Sometimes, especially in the current competitive job market, deciding which candidate is the best fit for an open position may be the biggest challenge. In other cases, perfecting a job description and posting is the hardest task. For some businesses there is difficulty in finding the time to interview each applicant.
But once a company has narrowed down the field to a few potential hires, another challenge begins. A final decision must be made and a job offer must be given out. If this process isn’t standardized, routine, and repeatable, human resource departments can significantly elevate a key human resources metric, the cost per hire.
The first action item after a selection has been made is to conduct a pre-hiring reference check to ensure a candidate is recommended by previous employers and references.
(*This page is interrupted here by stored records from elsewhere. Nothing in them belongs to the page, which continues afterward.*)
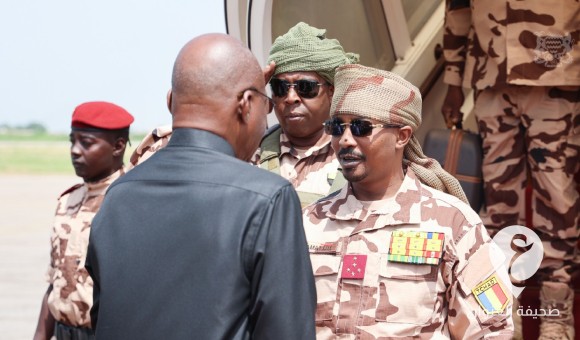 ديبي يعود إلى أنجمينا بعد أيام قضاها في شمال تشاد للإشراف على عمليات أمنية قرب ليبيا - PSDالعنوان 19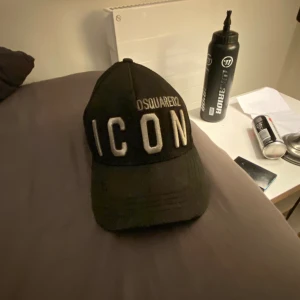 Dsquared2 inom keps - En fin märkeskeps äkta köpt på hemsidan!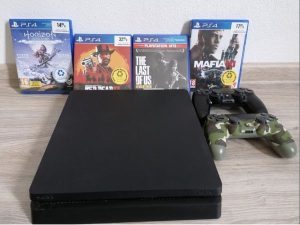 predám ps4 slim 500gb, 2x ovládač plus 4 hry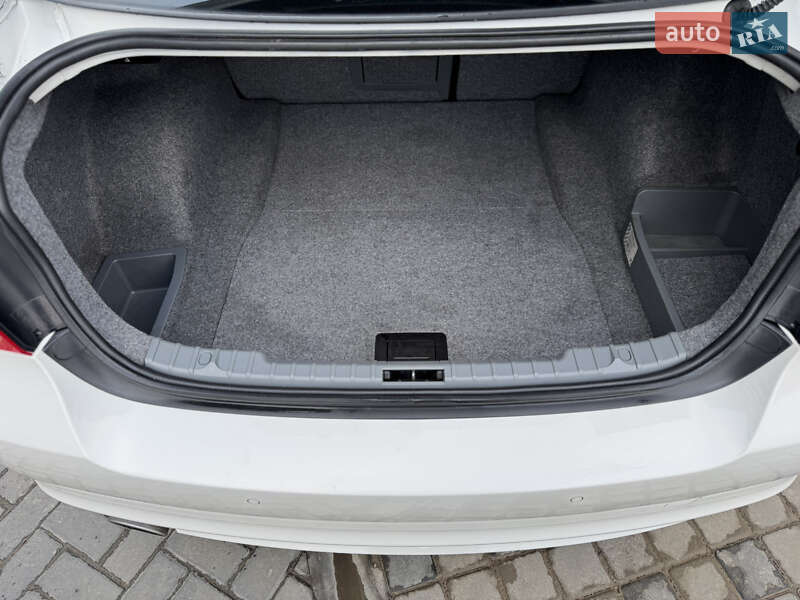 Седан BMW 3 Series 2011 в Одессе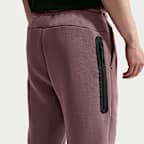 Pants de tejido Fleece con dobladillo abierto para hombre Nike Tech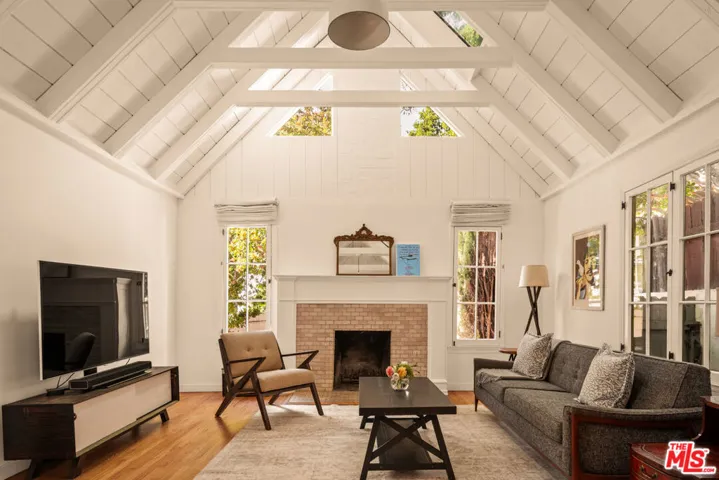 2272 India Street, Los Angeles, California 90039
If nothing alarming is found in the reference check the next step is to send an offer letter to the candidate.
A job offer letter should include should include a welcome statement, the position title, a start date, annual compensation and potential bonus eligibility. Also, any agreed upon deviations should be included, such as a pre-arranged vacation. Many parts of a job offer letter can be standardized and working off a template is a generally accepted best practice.
To help streamline the onboarding process and help a human resources department gather necessary information each job offer letter should be accompanied by an employee information sheet, I-9 form, W-4 form, consent to physical exam form (if needed), and an employee confidentiality agreement.
Also, included in the job offer letter should be a timeframe for acceptance of the position. A company needs to ensure that a date is given to the potential hire in which they need to respond by to accept. This way a company will know whether to move on to another candidate in a reasonable time period.
Be sure that the top choice has accepted the job offer before sending rejection letters to other finalists. For extra precaution it may also be a good idea to wait before the person clears all checks and testing before notifying finalists that they did not get the job. That way, there is a pool of replacements available in the case that a top choice doesn’t work out.
Has your human resources department perfected the job offer? What is your cost per hire?